▶ _WORK REQUEST_
Repeat every record exactly, but keep images out of the copy.

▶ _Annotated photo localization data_

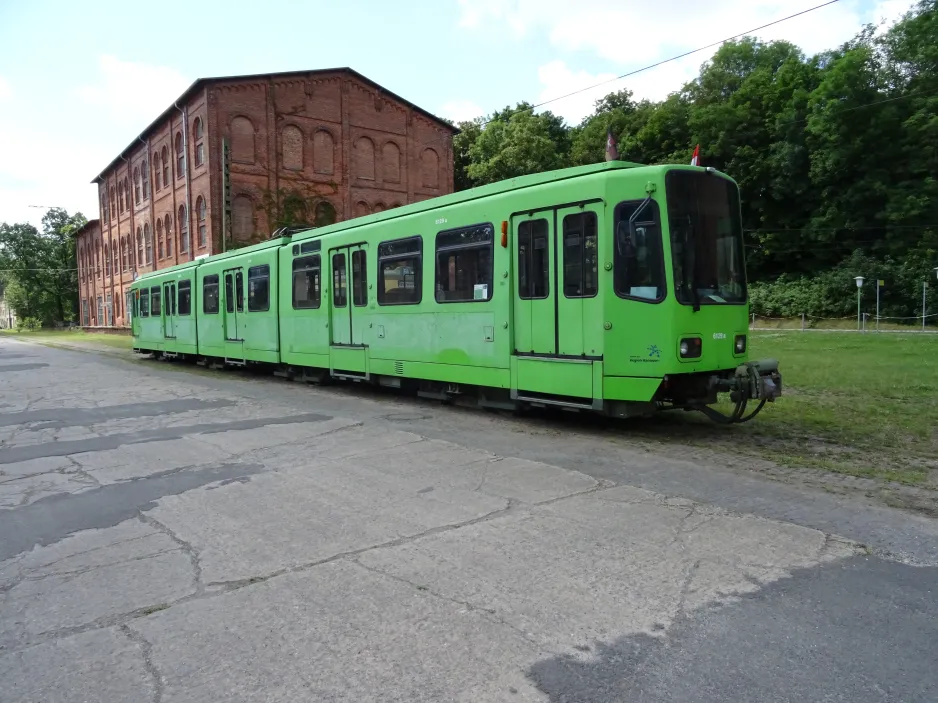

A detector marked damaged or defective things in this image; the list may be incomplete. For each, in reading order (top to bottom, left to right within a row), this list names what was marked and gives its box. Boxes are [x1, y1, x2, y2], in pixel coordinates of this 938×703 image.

cracked asphalt pavement [1, 338, 936, 700]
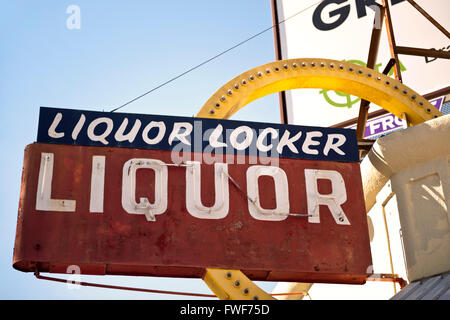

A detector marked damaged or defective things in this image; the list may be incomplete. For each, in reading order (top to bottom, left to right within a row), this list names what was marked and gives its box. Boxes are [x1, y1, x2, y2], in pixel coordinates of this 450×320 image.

rusty metal surface [14, 142, 372, 282]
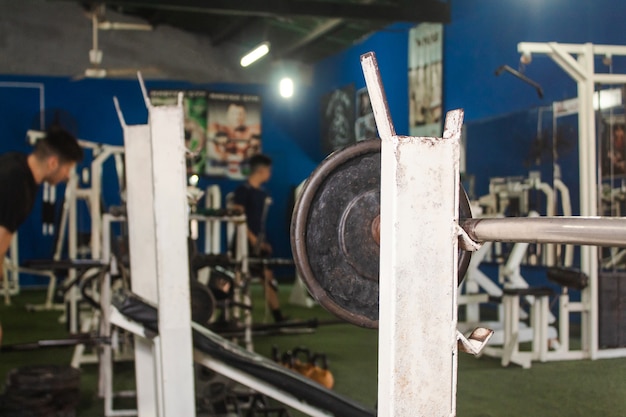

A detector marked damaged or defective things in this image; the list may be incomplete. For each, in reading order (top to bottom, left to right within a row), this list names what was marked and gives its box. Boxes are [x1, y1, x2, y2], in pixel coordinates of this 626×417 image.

rusty white metal frame [360, 52, 464, 416]
rusty white metal frame [516, 43, 626, 360]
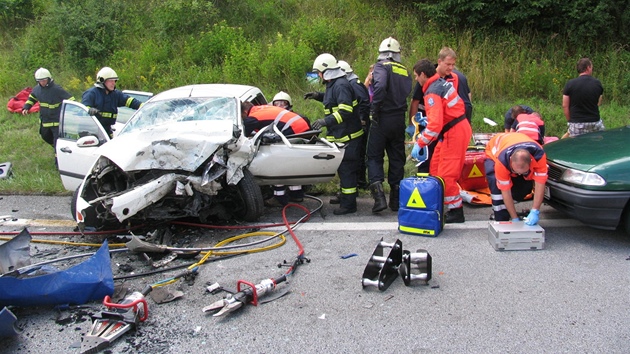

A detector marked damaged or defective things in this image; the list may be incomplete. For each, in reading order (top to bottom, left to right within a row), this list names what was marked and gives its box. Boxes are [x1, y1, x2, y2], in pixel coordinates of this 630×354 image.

shattered windshield [121, 96, 242, 135]
crumpled car hood [99, 121, 252, 172]
white damaged car [57, 84, 346, 231]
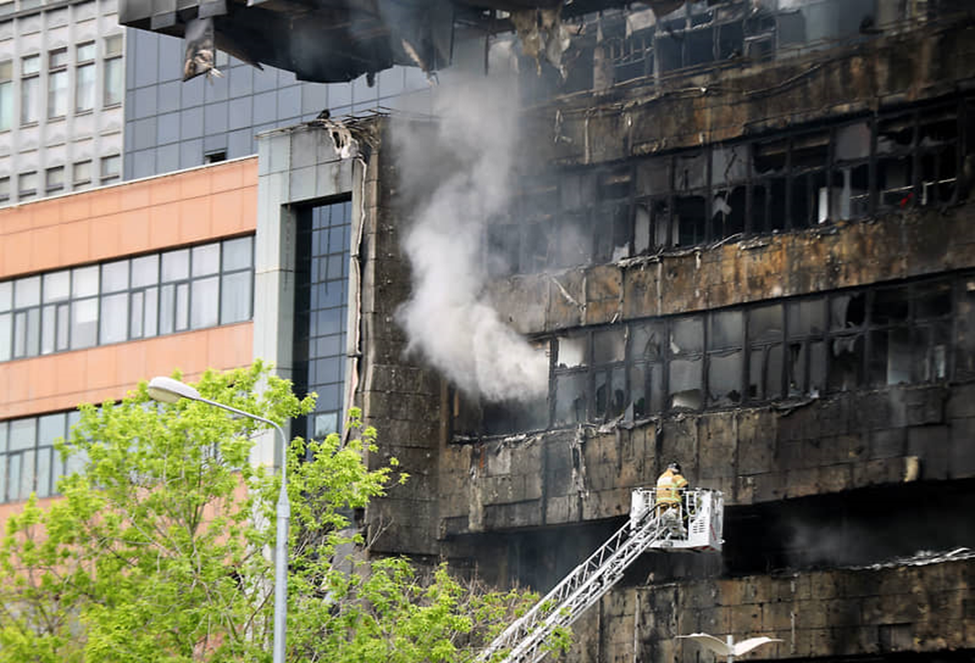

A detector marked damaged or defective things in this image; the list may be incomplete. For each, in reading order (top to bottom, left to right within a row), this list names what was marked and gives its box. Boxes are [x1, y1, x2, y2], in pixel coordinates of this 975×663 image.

burned building [240, 0, 975, 660]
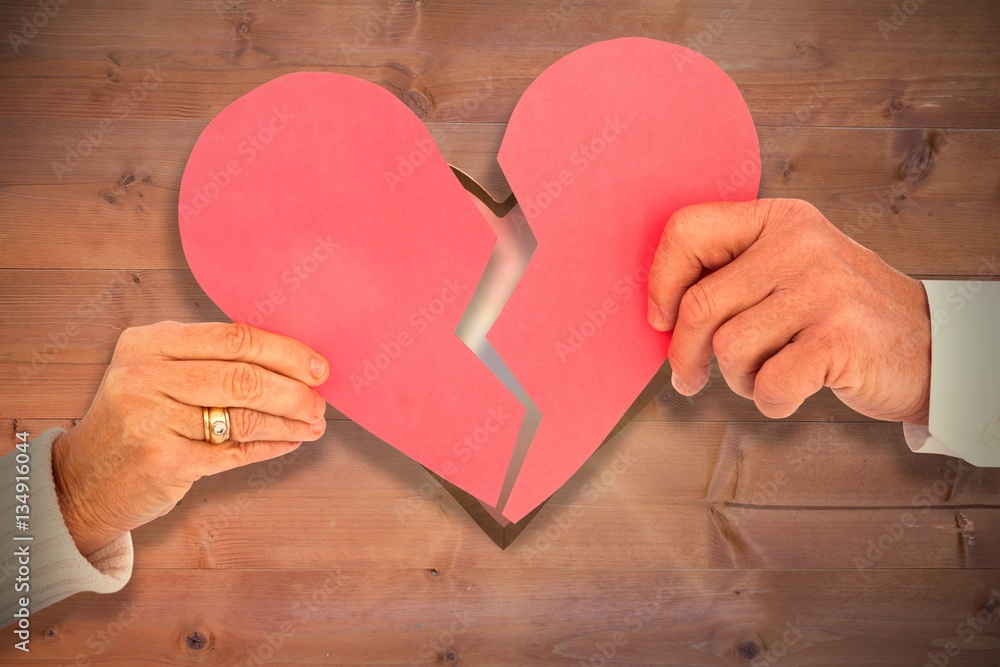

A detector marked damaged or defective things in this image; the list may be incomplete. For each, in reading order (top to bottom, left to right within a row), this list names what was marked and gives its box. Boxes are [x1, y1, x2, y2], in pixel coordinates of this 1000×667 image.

broken paper heart [178, 37, 756, 528]
heart half with torn edge [178, 39, 756, 532]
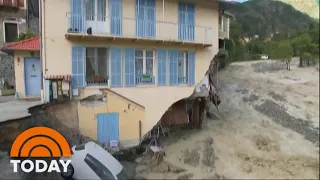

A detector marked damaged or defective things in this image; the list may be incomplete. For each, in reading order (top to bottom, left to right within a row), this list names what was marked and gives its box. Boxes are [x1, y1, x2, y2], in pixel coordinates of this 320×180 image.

damaged building [40, 0, 224, 149]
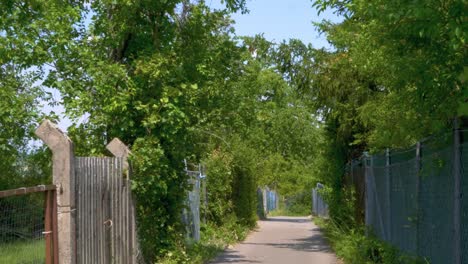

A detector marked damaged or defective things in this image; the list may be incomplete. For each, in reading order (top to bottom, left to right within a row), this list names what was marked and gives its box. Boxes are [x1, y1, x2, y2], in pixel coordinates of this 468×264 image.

rusty metal fence [0, 186, 57, 264]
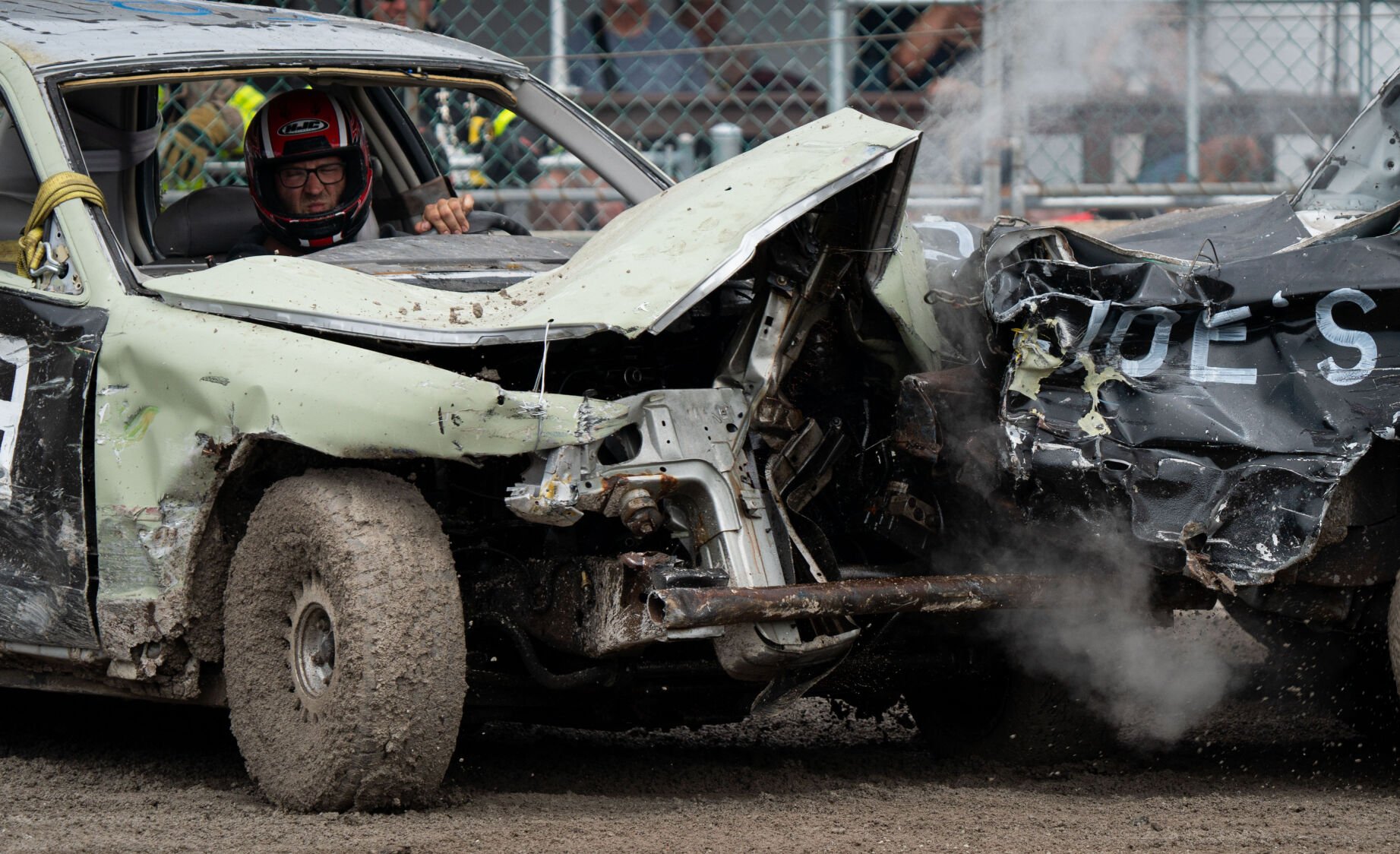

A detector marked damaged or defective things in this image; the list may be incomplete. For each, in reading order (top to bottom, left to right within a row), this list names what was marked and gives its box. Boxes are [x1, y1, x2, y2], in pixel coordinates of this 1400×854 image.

dented quarter panel [150, 109, 918, 343]
crumpled hood [153, 109, 918, 346]
rusty metal pipe [643, 568, 1058, 627]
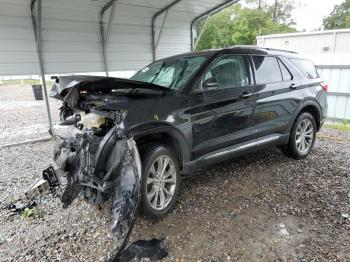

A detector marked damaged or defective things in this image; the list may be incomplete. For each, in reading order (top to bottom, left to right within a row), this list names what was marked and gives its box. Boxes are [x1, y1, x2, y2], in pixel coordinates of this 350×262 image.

severe front damage [42, 75, 152, 250]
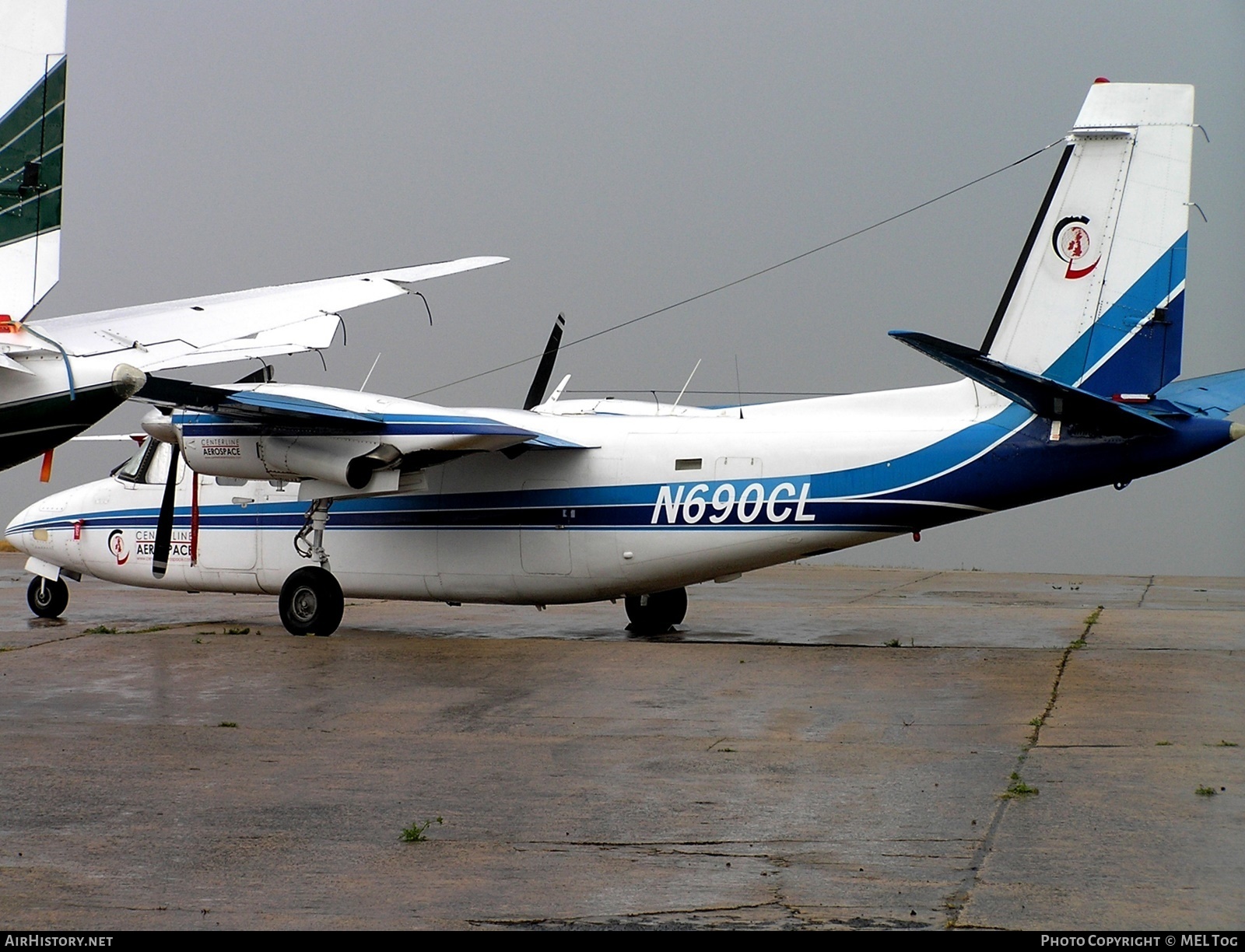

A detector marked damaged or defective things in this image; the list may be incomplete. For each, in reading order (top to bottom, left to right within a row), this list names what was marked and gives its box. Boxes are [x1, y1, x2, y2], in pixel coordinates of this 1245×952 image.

crack in concrete [936, 604, 1105, 926]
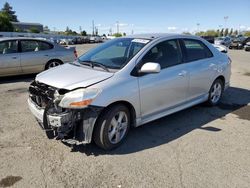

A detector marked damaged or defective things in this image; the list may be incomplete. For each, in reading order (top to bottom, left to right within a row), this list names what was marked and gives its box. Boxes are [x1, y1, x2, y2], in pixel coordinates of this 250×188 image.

damaged front bumper [28, 83, 103, 145]
cracked headlight [58, 88, 100, 108]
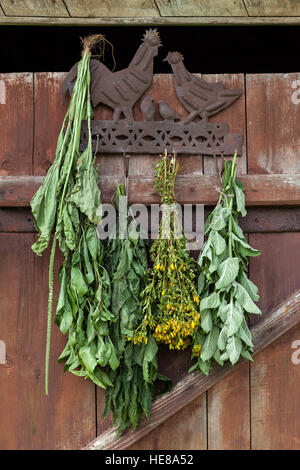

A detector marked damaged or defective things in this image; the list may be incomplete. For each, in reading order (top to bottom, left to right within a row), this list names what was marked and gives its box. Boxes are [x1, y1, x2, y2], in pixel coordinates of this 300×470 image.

rusty metal ornament [62, 29, 243, 158]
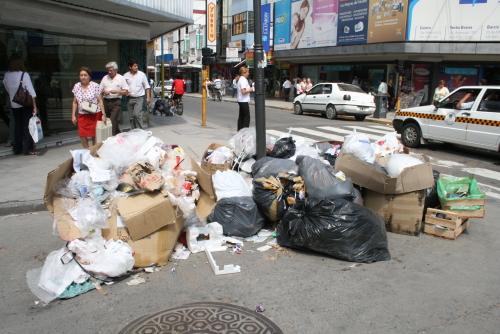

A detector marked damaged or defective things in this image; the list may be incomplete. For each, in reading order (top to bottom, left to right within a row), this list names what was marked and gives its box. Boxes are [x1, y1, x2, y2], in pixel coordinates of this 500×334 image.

torn cardboard flap [336, 153, 434, 194]
torn cardboard flap [117, 192, 178, 241]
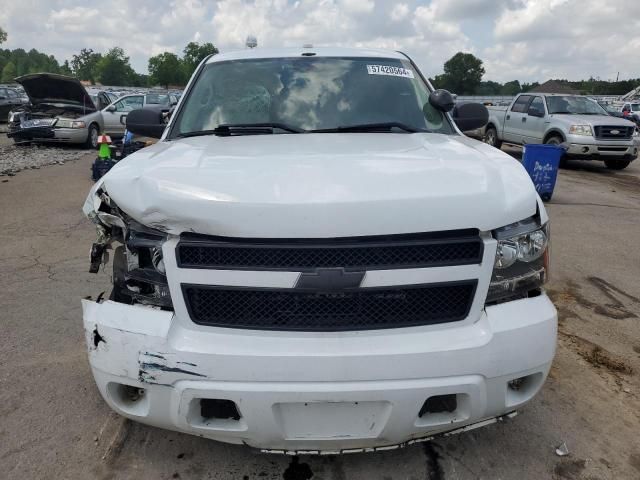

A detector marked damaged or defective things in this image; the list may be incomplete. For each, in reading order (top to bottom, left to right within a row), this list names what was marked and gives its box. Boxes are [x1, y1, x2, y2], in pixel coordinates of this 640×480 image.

damaged front bumper [84, 294, 556, 452]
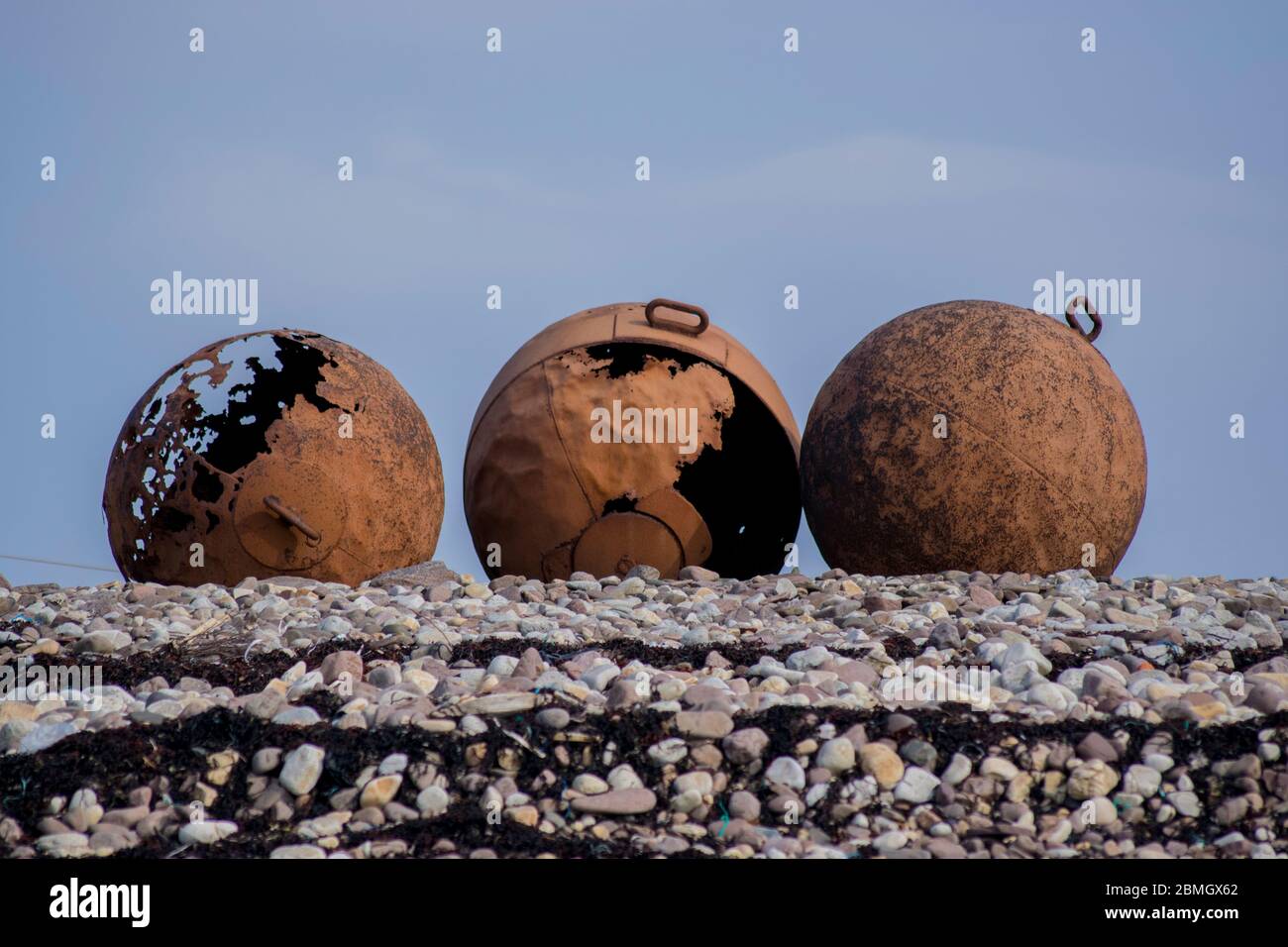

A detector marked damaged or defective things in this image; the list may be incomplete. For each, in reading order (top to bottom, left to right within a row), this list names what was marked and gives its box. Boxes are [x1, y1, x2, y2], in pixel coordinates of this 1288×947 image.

rusty metal buoy [101, 329, 442, 586]
corroded iron handle [262, 495, 319, 547]
rusty metal buoy [462, 297, 797, 579]
corroded iron handle [642, 301, 713, 339]
rusty metal buoy [801, 299, 1141, 575]
corroded iron handle [1062, 295, 1102, 345]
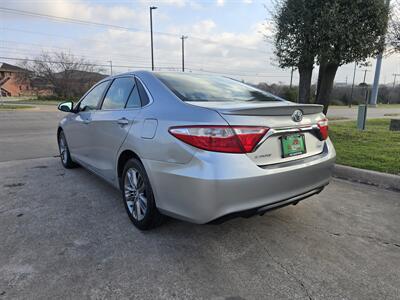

▶ _RESPONSE FOR THIS EXERCISE_
A detector marked damaged or defective things in this image; the list may be incomplete. For each, in reading order (top to bottom, left to right within a row), this list names what was marked and gives its box. Boxes are [x1, y1, x2, y2], in pixel coordinates of this 938×703 image.

cracked asphalt pavement [1, 338, 936, 700]

A detector marked damaged or defective things in this image; the list may be incomplete. For each, in reading order (top to bottom, left to right within a row), this list names what was marked and gives its box. Boxes are [x1, y1, x2, y2], in pixel coordinates of this 450×320 image.

rusty metal surface [14, 142, 372, 282]

A detector marked damaged or defective things in this image; the list may be incomplete. For each, in reading order (top to bottom, left to right within a row), this list names what was marked and gives its box. Boxes are [x1, y1, x2, y2], in pixel coordinates of this 626×417 image.

rusty white metal frame [360, 52, 464, 416]
rusty white metal frame [516, 43, 626, 360]

A detector marked damaged or defective things in this image; the list may be incomplete. For each, in reading order (top to bottom, left to right within a row), this list names what was marked and gives its box. Boxes are [x1, y1, x2, y2], in pixel coordinates of this 630×354 image.

shattered windshield [121, 96, 242, 135]
crumpled car hood [99, 121, 252, 172]
white damaged car [57, 84, 346, 231]

A detector marked damaged or defective things in this image; the list may be incomplete. For each, in reading order (top to bottom, left to right within a row), this list names what was marked and gives its box. Boxes are [x1, y1, x2, y2], in pixel coordinates of this 975×663 image.

burned building [240, 0, 975, 660]

A detector marked damaged or defective things in this image; the list may be incomplete. For each, in reading order (top to bottom, left to right within a row), this list names what was marked and gives its box. Boxes are [x1, y1, x2, y2], in pixel coordinates of this 1000×667 image.

broken paper heart [178, 37, 756, 528]
heart half with torn edge [178, 39, 756, 532]

A detector marked damaged or defective things in this image; the list may be incomplete. For each, in reading order (top to bottom, left to right within a row), this list names what was marked and gives its box. Boxes are [x1, y1, x2, y2], in pixel coordinates of this 320×180 image.

damaged building [40, 0, 224, 149]

A detector marked damaged or defective things in this image; the list may be incomplete. For each, in reading order (top to bottom, left to right within a row), this list names what was marked and gives its box. Boxes are [x1, y1, x2, y2], in pixel coordinates of this 468×264 image.

rusty metal fence [0, 186, 57, 264]

A detector marked damaged or defective things in this image; the list may be incomplete. For each, in reading order (top to bottom, left to right within a row), this list names what was marked and gives its box. Boxes are [x1, y1, x2, y2], in pixel coordinates of this 1400×854 image.

dented quarter panel [150, 109, 918, 343]
crumpled hood [153, 109, 918, 346]
rusty metal pipe [643, 568, 1058, 627]

A detector marked damaged or defective things in this image; the list may be incomplete. For each, in reading order (top to bottom, left to right within a row), this list names what was marked and gives its box. Boxes are [x1, y1, x2, y2], in pixel coordinates of this 350×262 image.

severe front damage [42, 75, 152, 250]

A detector marked damaged or defective things in this image; the list may be incomplete. For each, in reading order (top to bottom, left to right within a row), this list names what was marked and gives its box. Boxes are [x1, y1, x2, y2], in pixel coordinates of this 1245×952 image.

crack in concrete [936, 604, 1105, 926]

A detector marked damaged or defective things in this image; the list may be incomplete. For each, in reading order (top to bottom, left to right within a row), this list names what was marked and gives its box. Boxes are [x1, y1, x2, y2], in pixel coordinates of this 250×188 image.

damaged front bumper [28, 83, 103, 145]
cracked headlight [58, 88, 100, 108]

A detector marked damaged or defective things in this image; the list may be incomplete. For each, in reading order (top to bottom, left to right within a row), this list names what was marked and gives its box. Boxes are [x1, y1, x2, y2], in pixel coordinates of this 300×470 image.

rusty metal ornament [62, 29, 243, 158]

A detector marked damaged or defective things in this image; the list may be incomplete. For each, in reading order (top to bottom, left to right within a row), this list names what was marked and gives its box. Boxes are [x1, y1, x2, y2], in pixel coordinates of this 500×334 image.

torn cardboard flap [336, 153, 434, 194]
torn cardboard flap [117, 192, 178, 241]

A detector marked damaged or defective things in this image; the list may be incomplete. For each, in reading order (top to bottom, left to right within a row), this list names what was marked and gives its box. Boxes are [x1, y1, x2, y2], in pixel coordinates of this 640×480 image.

damaged front bumper [84, 294, 556, 452]

A detector marked damaged or defective things in this image; the list may be incomplete. For each, in reading order (top to bottom, left to right within a row), this list names what was marked and gives its box. Boxes are [x1, y1, x2, y2], in pixel coordinates of this 1288×947 image.

rusty metal buoy [101, 329, 442, 586]
corroded iron handle [262, 495, 319, 547]
rusty metal buoy [462, 297, 797, 579]
corroded iron handle [642, 301, 713, 339]
rusty metal buoy [801, 299, 1141, 575]
corroded iron handle [1062, 295, 1102, 345]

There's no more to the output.